9) "Un policier m’a couru après à l’Antwerp"
"J’ai eu un petit souci lors d’un match à l’Antwerp avec Lommel. On avait gagné 0-1. Juste après le coup de sifflet final, j’ai vu ma famille dans la tribune. Je l’ai saluée en serrant le poing. Sauf que ma famille se trouvait au beau milieu des supporters de l’Antwerp. Je ne savais pas qu’il y avait des malades là (rires) . On m’a insulté. J’ai encore plus levé les bras au ciel et… un policier a commencé à me poursuivre. Mes équipiers m’ont dit de filer au vestiaire. Là, j’ai su régler les choses grâce à mon ami Nicaise Kudimbana, qui était gardien à l’Antwerp. Il a calmé tout le monde. Il faut dire que tout le monde a peur de la carrure de Kudi (rires) . La police voulait me donner une amende pour un doigt d’honneur. Heureusement, ma famille avait filmé et on voyait que je n’avais rien fait de tel. On est retournés à l’Antwerp cette saison mais les supporters m’avaient oublié."
10) "Bizarre ce que Gand disait sur moi…"
"Après ma deuxième saison à Lommel, mon agent m’a dit que Gand et Saint-Trond me voulaient. À Gand, c’était bizarre.
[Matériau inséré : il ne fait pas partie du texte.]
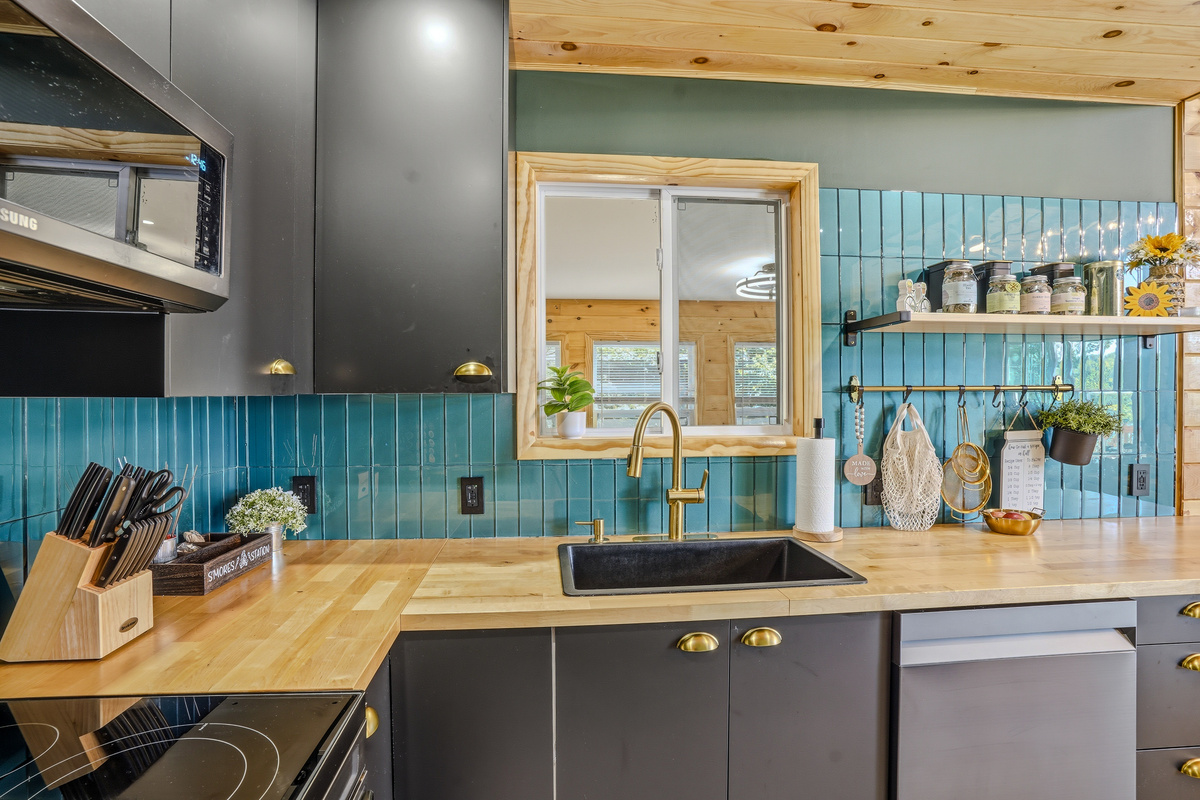 Kitchen counter view with open shelving, sink, and full appliance suite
Les dirigeants disaient que j’avais encore des problèmes de genou. Ce qui était faux. C’est surtout parce que Gand avait trop de joueurs à ce moment-là. Ils devaient attendre d’en vendre pour me prendre. J’ai préféré Saint-Trond de toute manière. Je ne voulais pas faire un trop gros pas en avant depuis Lommel. Il y a eu un petit souci au moment du transfert. J’étais normalement gratuit mais Lommel m’avait fait signer un papier qui annulait cette clause. Je n’avais même pas lu le papier, une erreur de ma part… Heureusement, les deux clubs ont trouvé un accord."
11) "Legear dit que j’ai du De Bruyne en moi"
"À Saint-Trond, j’ai beaucoup appris avec Jonathan Legear la saison dernière. Il croyait beaucoup en moi. Il me disait que j’avais du Kevin De Bruyne en moi, avec ma technique et ma frappe de balle. Bon, je suis encore très, très loin de lui. C’est un joueur de classe mondiale. Même s’il n’y a qu’une petite lettre qui nous sépare dans notre nom. On n’arrête pas de me demander si c’est mon frère ou mon cousin. Je ne compte plus les messages sur Instagram et Facebook avec juste cette question. Maintenant, je ne réponds plus (rires) . Legear me disait de ne pas lâcher et de bien bosser. Il avait raison. Avec le coach Marc Brys, j’ai appris à aimer travailler. À Anderlecht et à Lommel, je me reposais trop sur mes qualités. Ce n’est pas suffisant en D1A."